What needs to be done
For the entries below, the result should be an exact transcription of the lines from the one with "Swimsuit by Sudhe" up to and including the one with "Polka Dot Print", and only those.
[Opening Records for this task section]
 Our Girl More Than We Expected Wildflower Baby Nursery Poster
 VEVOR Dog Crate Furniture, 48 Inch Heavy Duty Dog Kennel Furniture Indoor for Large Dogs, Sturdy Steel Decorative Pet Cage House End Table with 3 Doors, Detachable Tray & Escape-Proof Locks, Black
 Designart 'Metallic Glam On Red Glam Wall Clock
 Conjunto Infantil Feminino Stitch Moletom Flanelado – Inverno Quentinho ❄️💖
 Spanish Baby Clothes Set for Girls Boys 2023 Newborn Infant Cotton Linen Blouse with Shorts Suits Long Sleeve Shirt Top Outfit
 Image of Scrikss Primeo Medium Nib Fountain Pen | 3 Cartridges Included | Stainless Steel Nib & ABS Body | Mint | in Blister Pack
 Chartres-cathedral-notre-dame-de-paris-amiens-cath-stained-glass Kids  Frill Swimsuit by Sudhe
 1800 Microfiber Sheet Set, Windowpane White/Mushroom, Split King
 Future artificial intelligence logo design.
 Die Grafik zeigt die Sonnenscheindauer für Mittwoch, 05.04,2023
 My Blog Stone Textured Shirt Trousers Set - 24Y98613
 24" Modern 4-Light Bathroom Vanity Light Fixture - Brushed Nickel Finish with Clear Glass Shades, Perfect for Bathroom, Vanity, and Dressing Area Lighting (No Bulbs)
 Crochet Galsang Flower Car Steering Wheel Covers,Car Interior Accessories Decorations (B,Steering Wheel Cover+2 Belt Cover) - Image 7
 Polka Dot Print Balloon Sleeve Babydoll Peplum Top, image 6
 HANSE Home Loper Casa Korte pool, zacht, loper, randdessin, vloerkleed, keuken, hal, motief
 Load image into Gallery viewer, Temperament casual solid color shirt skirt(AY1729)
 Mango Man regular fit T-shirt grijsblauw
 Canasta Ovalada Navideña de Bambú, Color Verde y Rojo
[Closing Records for this task section]
Your response
 Chartres-cathedral-notre-dame-de-paris-amiens-cath-stained-glass Kids  Frill Swimsuit by Sudhe
 1800 Microfiber Sheet Set, Windowpane White/Mushroom, Split King
 Future artificial intelligence logo design.
 Die Grafik zeigt die Sonnenscheindauer für Mittwoch, 05.04,2023
 My Blog Stone Textured Shirt Trousers Set - 24Y98613
 24" Modern 4-Light Bathroom Vanity Light Fixture - Brushed Nickel Finish with Clear Glass Shades, Perfect for Bathroom, Vanity, and Dressing Area Lighting (No Bulbs)
 Crochet Galsang Flower Car Steering Wheel Covers,Car Interior Accessories Decorations (B,Steering Wheel Cover+2 Belt Cover) - Image 7
 Polka Dot Print Balloon Sleeve Babydoll Peplum Top, image 6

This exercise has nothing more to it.